When it comes to roast dinner, I’m almost always a gammon girl. There is not a finer meat on Earth in my opinion. I’m blessed with a mum who is a fabulous cook, this is a recipe I’ve learned from her. When I lived in Dubai, we had this (and a turkey) exclusively at Christmas, due to how extortionately expensive pork is there. Since we’ve moved to the UK, we have far less sunshine in our lives but far more gammon. Silver, tasty, linings. When we have gammon, it is always like this, there is no better way.
- A gammon joint
- A small handful of cloves
- 2-3 tablespoons of honey (or a mixture of honey and maple syrup)
- 1-2 tsp of whole grain mustard
- Approximately 0.25 cups of brown sugar
- 1 onion, halved with the skin on
- 1 carrot, whole
- 2 bay leaves
- 1 tsp of peppercorns
These measurements are purposefully vague so that you can adjust for the size of your joint. These measurements would easily be enough for a gammon joint to serve 4-6.

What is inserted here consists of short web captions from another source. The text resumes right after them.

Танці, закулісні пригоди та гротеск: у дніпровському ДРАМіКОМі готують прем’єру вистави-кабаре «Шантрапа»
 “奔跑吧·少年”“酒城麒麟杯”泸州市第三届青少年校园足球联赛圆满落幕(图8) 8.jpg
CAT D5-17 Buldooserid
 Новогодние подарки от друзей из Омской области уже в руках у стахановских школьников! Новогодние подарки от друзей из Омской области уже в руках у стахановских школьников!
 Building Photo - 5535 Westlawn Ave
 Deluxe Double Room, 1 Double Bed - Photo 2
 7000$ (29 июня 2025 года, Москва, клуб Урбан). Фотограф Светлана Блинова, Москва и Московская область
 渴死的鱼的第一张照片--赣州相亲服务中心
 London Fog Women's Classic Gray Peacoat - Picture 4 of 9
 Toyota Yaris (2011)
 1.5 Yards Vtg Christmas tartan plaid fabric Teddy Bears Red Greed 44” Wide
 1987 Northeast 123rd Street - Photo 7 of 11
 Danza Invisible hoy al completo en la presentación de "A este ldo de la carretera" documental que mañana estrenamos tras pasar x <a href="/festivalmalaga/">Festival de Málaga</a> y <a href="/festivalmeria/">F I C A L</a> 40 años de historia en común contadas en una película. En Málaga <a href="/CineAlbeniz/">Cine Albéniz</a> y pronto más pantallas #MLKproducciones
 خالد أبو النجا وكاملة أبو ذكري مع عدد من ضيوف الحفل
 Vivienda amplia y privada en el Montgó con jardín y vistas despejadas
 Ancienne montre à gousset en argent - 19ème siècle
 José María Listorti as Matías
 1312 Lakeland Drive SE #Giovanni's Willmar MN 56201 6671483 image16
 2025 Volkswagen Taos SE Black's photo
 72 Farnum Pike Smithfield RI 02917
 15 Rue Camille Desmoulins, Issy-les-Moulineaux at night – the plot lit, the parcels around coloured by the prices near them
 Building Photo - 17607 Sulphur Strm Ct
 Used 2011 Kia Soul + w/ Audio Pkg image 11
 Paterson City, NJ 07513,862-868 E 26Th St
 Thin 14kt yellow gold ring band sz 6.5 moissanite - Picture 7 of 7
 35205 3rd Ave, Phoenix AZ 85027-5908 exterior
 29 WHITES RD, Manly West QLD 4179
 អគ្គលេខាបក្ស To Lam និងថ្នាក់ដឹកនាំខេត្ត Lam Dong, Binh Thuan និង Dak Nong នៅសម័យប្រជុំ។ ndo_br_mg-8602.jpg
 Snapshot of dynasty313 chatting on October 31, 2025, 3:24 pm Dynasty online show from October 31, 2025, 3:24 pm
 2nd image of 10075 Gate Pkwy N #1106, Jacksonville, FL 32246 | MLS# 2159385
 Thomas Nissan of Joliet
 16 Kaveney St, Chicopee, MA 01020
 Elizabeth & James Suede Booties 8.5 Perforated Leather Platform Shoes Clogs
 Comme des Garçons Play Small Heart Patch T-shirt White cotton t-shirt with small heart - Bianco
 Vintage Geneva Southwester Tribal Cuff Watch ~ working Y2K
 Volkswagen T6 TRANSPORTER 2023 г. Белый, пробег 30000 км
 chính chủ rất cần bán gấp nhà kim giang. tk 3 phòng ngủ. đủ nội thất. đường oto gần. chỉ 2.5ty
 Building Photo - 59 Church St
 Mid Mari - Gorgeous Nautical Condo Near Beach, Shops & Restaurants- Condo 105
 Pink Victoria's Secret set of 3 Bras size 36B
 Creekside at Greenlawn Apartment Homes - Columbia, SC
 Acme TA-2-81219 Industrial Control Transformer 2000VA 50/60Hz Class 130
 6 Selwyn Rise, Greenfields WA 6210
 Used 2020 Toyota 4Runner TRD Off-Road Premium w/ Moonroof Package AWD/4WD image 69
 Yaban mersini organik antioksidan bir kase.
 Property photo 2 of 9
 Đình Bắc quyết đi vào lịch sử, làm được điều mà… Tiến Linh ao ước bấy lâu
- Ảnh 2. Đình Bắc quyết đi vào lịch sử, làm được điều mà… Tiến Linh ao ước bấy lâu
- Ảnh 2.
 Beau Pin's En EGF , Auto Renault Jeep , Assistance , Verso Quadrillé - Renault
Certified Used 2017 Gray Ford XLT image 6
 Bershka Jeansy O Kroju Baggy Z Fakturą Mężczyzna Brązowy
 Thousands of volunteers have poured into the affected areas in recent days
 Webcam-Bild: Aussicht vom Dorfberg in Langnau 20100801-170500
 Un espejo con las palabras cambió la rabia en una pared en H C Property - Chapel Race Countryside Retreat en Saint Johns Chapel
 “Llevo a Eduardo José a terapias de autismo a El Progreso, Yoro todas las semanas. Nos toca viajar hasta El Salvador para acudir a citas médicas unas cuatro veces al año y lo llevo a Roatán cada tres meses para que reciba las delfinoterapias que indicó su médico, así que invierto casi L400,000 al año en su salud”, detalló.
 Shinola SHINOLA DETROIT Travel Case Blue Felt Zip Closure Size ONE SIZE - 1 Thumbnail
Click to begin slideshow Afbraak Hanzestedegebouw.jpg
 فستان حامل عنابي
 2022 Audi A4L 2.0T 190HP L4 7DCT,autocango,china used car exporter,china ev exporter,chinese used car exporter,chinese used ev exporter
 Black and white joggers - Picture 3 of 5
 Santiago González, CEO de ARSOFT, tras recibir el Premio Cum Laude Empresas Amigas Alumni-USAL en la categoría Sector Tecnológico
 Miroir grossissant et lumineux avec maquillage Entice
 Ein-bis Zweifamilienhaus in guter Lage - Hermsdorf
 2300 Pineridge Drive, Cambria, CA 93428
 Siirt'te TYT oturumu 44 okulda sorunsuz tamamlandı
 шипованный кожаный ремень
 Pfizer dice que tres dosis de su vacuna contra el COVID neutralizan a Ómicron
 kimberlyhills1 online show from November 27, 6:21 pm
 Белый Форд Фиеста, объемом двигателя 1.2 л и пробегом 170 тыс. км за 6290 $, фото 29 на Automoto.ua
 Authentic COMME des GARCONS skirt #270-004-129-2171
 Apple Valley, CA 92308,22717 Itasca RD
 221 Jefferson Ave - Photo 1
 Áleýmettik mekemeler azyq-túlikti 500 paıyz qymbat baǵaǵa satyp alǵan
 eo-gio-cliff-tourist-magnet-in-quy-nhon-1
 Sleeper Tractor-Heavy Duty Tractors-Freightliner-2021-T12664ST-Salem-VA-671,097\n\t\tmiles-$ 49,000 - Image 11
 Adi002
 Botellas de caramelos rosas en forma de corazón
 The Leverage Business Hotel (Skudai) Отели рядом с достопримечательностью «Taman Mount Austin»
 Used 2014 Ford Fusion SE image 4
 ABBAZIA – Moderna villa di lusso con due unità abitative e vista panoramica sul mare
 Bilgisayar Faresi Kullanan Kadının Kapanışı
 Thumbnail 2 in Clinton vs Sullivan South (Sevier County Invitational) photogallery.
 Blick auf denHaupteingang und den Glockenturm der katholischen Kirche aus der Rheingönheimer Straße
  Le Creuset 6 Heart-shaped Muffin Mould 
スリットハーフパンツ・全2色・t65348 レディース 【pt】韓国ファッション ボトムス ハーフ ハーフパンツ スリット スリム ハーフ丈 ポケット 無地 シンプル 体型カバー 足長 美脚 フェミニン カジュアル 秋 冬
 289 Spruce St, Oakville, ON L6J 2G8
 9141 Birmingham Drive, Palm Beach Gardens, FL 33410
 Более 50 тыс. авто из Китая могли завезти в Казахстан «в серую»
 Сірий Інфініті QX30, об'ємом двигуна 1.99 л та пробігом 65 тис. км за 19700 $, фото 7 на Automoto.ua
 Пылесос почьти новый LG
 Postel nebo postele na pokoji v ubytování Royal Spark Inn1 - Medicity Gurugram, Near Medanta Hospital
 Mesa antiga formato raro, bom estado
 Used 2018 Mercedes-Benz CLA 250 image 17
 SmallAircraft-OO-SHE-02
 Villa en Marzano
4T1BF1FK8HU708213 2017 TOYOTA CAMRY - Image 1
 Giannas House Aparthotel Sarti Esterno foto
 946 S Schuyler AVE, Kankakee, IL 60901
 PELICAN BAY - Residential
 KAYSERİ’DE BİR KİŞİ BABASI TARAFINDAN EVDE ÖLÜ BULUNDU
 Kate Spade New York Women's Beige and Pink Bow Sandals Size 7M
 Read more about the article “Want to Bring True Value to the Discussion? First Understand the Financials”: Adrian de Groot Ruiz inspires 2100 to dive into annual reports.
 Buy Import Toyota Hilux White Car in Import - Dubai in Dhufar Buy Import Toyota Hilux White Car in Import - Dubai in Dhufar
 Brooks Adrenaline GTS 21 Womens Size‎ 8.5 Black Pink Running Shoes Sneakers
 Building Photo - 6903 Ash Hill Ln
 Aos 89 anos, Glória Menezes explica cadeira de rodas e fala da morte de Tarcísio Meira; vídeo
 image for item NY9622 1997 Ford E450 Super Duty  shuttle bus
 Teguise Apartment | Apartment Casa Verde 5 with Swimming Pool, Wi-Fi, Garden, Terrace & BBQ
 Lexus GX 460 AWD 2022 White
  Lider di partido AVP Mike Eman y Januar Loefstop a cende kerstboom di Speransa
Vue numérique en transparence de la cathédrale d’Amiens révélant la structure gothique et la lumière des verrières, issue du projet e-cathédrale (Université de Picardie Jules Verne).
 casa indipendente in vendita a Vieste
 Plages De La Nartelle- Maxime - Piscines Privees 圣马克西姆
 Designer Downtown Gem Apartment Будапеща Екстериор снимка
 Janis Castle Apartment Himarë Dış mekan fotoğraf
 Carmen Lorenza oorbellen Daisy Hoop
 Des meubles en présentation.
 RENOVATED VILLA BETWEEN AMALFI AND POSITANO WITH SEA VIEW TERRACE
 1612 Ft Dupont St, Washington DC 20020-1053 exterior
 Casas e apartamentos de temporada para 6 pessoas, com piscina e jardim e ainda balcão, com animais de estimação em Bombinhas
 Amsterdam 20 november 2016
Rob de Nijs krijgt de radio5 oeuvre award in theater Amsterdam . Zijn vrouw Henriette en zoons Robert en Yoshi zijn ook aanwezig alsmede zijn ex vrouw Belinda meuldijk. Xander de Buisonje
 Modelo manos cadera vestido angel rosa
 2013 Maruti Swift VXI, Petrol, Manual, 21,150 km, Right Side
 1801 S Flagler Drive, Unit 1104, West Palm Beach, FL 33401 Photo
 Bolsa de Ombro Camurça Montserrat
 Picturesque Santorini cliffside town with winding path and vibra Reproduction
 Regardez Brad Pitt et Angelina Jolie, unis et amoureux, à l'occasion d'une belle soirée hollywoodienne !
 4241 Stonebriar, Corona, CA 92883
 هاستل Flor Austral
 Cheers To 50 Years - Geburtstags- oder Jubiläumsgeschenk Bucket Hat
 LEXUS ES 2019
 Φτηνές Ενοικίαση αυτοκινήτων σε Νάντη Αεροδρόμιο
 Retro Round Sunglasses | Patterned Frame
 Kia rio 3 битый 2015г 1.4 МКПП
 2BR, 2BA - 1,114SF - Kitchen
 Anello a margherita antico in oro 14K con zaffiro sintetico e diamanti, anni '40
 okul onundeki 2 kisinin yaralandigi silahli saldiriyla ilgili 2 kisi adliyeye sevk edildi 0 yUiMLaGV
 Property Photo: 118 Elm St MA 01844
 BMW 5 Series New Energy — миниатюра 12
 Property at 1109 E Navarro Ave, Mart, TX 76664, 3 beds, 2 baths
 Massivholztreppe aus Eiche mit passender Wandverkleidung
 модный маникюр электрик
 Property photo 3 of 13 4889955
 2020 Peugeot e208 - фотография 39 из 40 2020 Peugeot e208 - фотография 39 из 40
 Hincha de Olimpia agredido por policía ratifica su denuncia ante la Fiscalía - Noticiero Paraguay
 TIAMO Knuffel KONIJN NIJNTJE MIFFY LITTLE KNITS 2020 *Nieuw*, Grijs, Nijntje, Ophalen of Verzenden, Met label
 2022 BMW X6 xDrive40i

- In a large pot, place the gammon (string/mesh still on), onion, carrots, bay leaves and peppercorns. Cover in water and bring to the boil. Cover the pot, lower the heat and leave to simmer for an hour.
- Remove the gammon from the pan and let the gammon cool slightly. Save the onion and carrot to season your gravy if you’d like. You can boil the gammon the day before, to save time, if needs be, just refrigerate it once it has cooled.
- Remove any string and carefully cut the skin off, whilst leaving the fat on. This is easiest when the gammon is still warm.
- Score the fat, at an angle, every 1.5-2 cm and then repeat in the opposite direction; to make diamond shapes in the fat.
- Place a clove in the meat, at the intersection of all the scored lines.
- In a small bowl, mix the honey and mustard and then paint the gammon with it, using a pastry brush. In the absence of a pastry brush, pour it on strategically.
- Coat the honey & mustard covered gammon with the brown sugar, trying to get as much of it as possible to stick.
- Roast in the oven (preheat it first) at 180°C for approximately an hour. Until the sugar caramelizes and begins to form what are affectionately known as ‘black bits’ in my family; these are always the most sought after part and result in many lingerers when the meat is being carved.
- Carve and serve. Watch out for cloves or if you want you can remove these before carving, to make life easier for your guests.